Sunday, Jul 31, 2016

Dubai: As developed markets become more saturated and an ever larger part of net new money will be difficult to access without a local set-up, the importance and challenge of client acquisition are accelerating.

Wealth managers will need to better incentivise relationship managers (RMs) to acquire new clients, optimise retail/commercial banking feeder channels, and focus on client life events as key acquisition opportunities.

Alternatives — including hedge funds, private equity, real estate, structured products and commodities have been the only source of material alpha generation over the past decade, and analysts expect this to continue going forward. Moreover, access to these products is a significant source of differentiation which wealth managers still hold, unlike traditional asset classes where low-cost beta offerings are growing in popularity.

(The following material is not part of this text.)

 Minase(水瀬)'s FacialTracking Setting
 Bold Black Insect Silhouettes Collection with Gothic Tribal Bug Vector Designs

After a period of cleaning up their offshore businesses, wealth managers will need to refocus on their offshore strategies to capture faster growing emerging markets assets. Beyond a small group of global leaders and a few specialist firms, offshore offerings often lack product shelf depth and offerings corresponding to core client needs, such as hard currency investment products, forex and mortgage/asset-financing capabilities.

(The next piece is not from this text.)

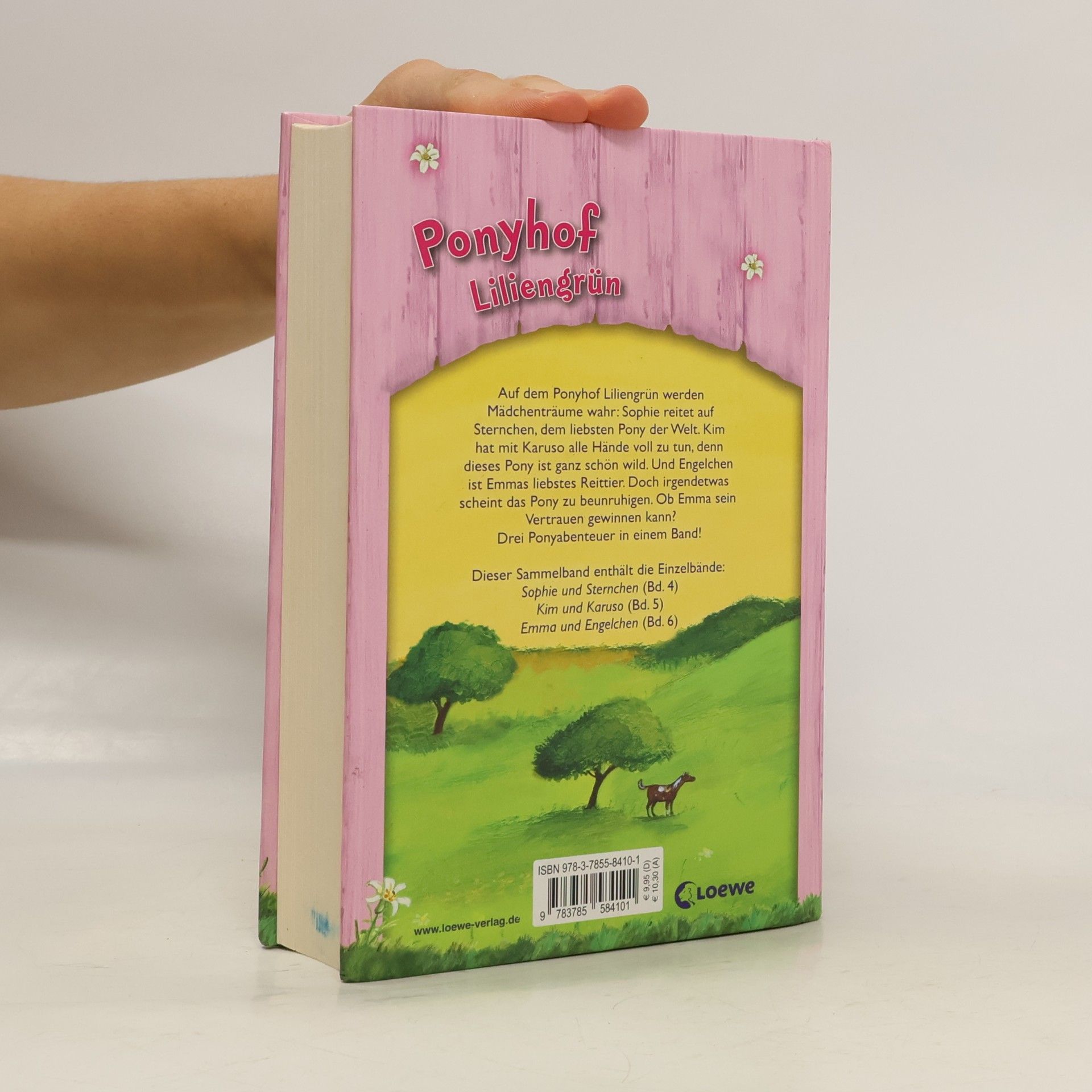 Kelly McKain Ponyhof Liliengrün – mein Sommer mit Traumpony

Digitisation and the use of artificial intelligence (AI) will also be an important risk management feature. Although digital technology can help make processes smoother, banks need to obtain detailed histories of clients and their sources of wealth and fully adhere to all relevant regulatory and compliance standards. Such requirements are making offshore banking more resource-intensive, leading to front-office costs per client that are close to those of onshore operations Nonetheless, more frequent interaction should also provide opportunities for wealth managers to serve clients better.

Factbox: Key points

• To sustain profitability, the industry will need to redesign the ‘core’ high-net worth service model and digitise parts of the value chain.

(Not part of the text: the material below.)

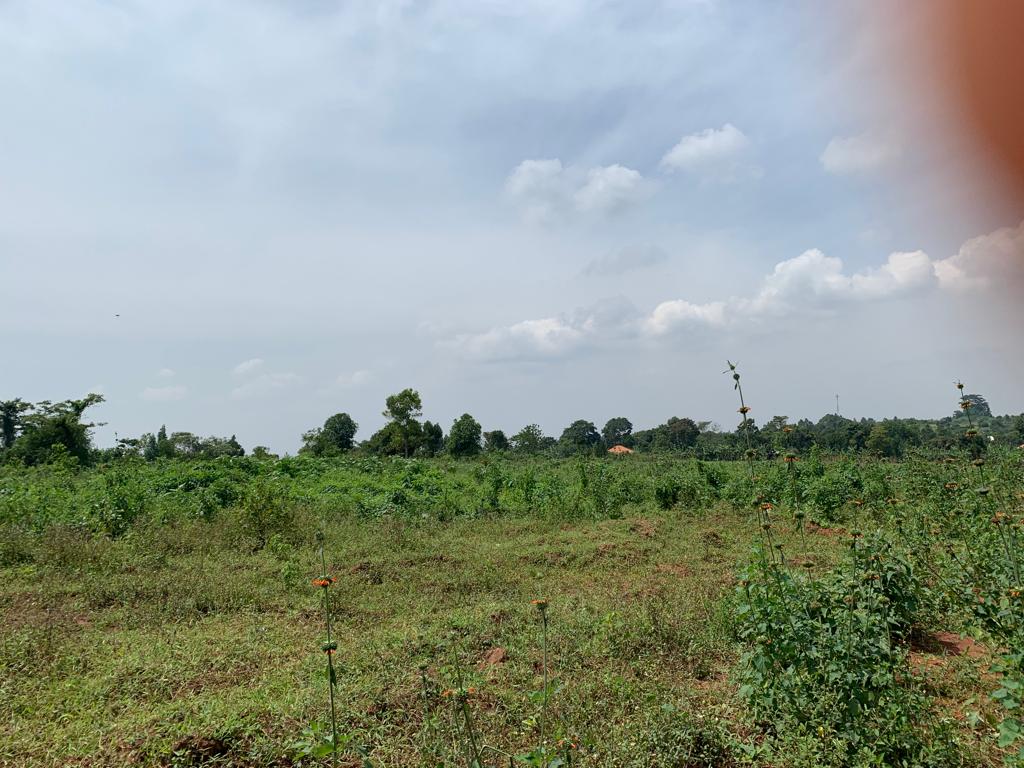 These cheap plots for sale on Entebbe road Uganda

• The industry should explore new sources of value creation such as platforms that enable investors to access opportunities such as growth stage financing or direct real estate investments.

• Leaders will need to sharpen their focus on client acquisitions and managing attrition risks, in particular with respect to intergenerational wealth transfers.

• Wealth managers should expand their existing philanthropy offering into full charity operations support, following the trend of professionalisation in charitable giving.